Mehrfach wurde die Türkei in den vergangenen Jahren verdächtigt, das für Libyen geltende Waffenembargo zu verletzen. In dem nordafrikanischen Bürgerkriegsland ist die Türkei einer der wichtigsten politischen und militärischen Akteure. Und nicht nur da strebe Präsident Recep Tayyip Erdoğan nach machtpolitischer Größe, meint Annette Weber. Sie ist die EU-Sonderbeauftragte für das Horn von Afrika.

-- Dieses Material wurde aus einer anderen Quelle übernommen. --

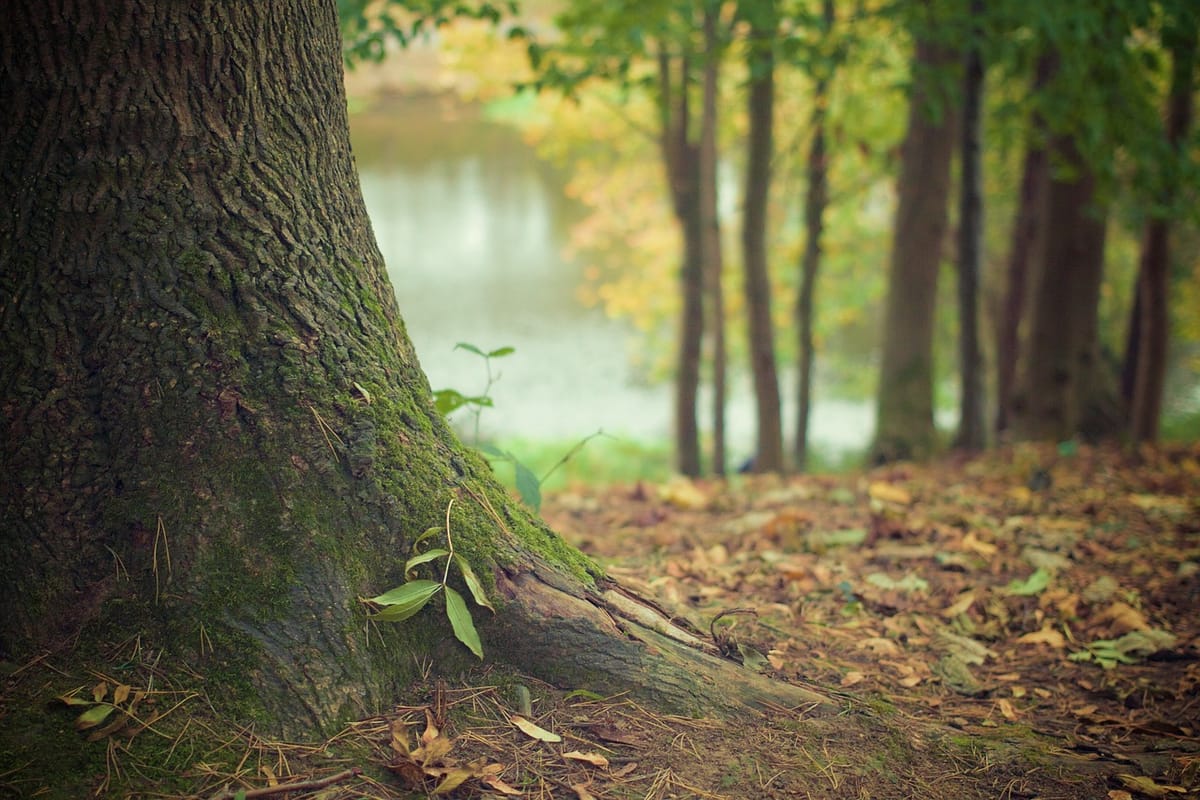 be-out-of-woods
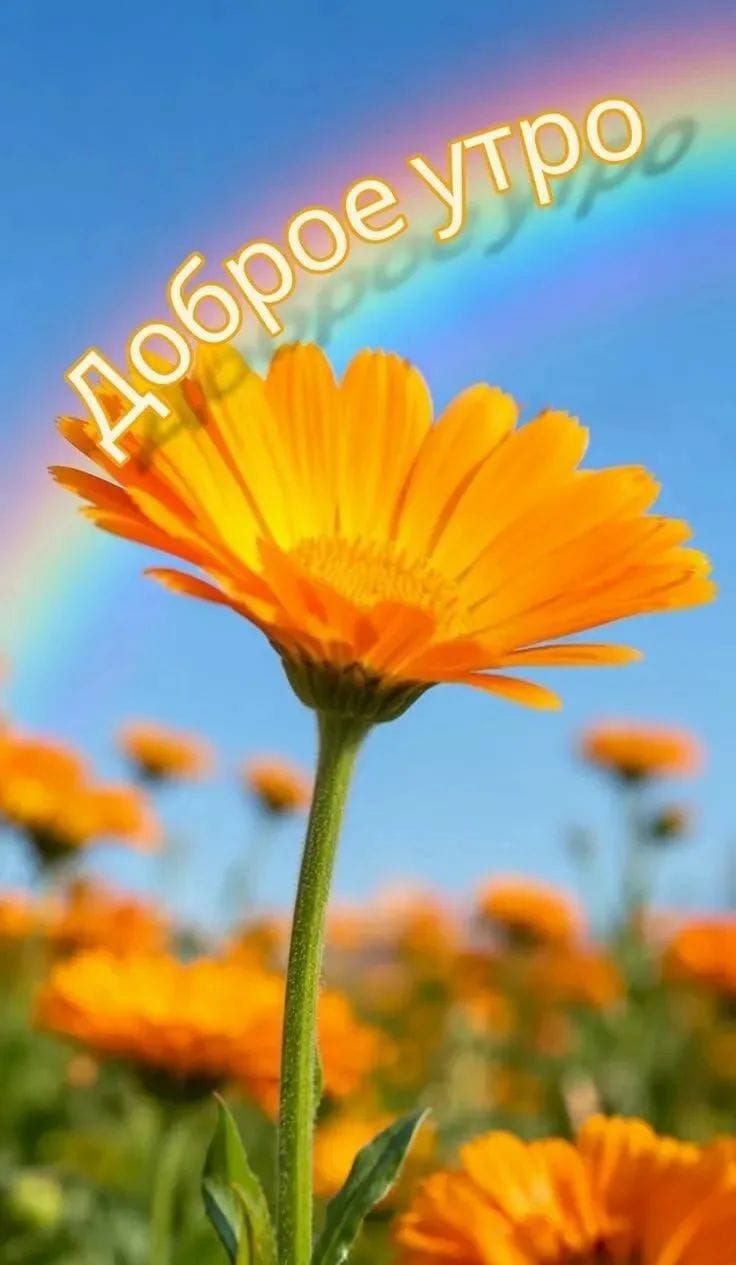 Доброе утро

„Für die Türkei war wichtig, außerhalb ihres Wirkungskreises seit Erdoğan so ein Empire wiederaufzubauen. Also das Wiedererstarken eines osmanischen Empires, das eben weit über die begrenzten Wirkungskreise, die direkt neben der Türkei liegen, hinausreichen.“

Die neuen außenpolitischen Ambitionen lassen sich besonders gut auf dem afrikanischen Kontinent beobachten, und dort nicht nur in Libyen. In Libyen ist die türkische Präsenz aber vielleicht besonders bedeutend, weil sie auch die Interessen vieler anderer Mächte berührt. Nicht zuletzt die Belange Europas, das am Mittelmeer in direkter Nachbarschaft liegt. Europa interessiert sich unter anderem wegen der Migration durch Libyen und der reichen Erdöl- und Erdgasvorkommen für das ehemalige Reich von Diktator Muammar al-Gaddafi.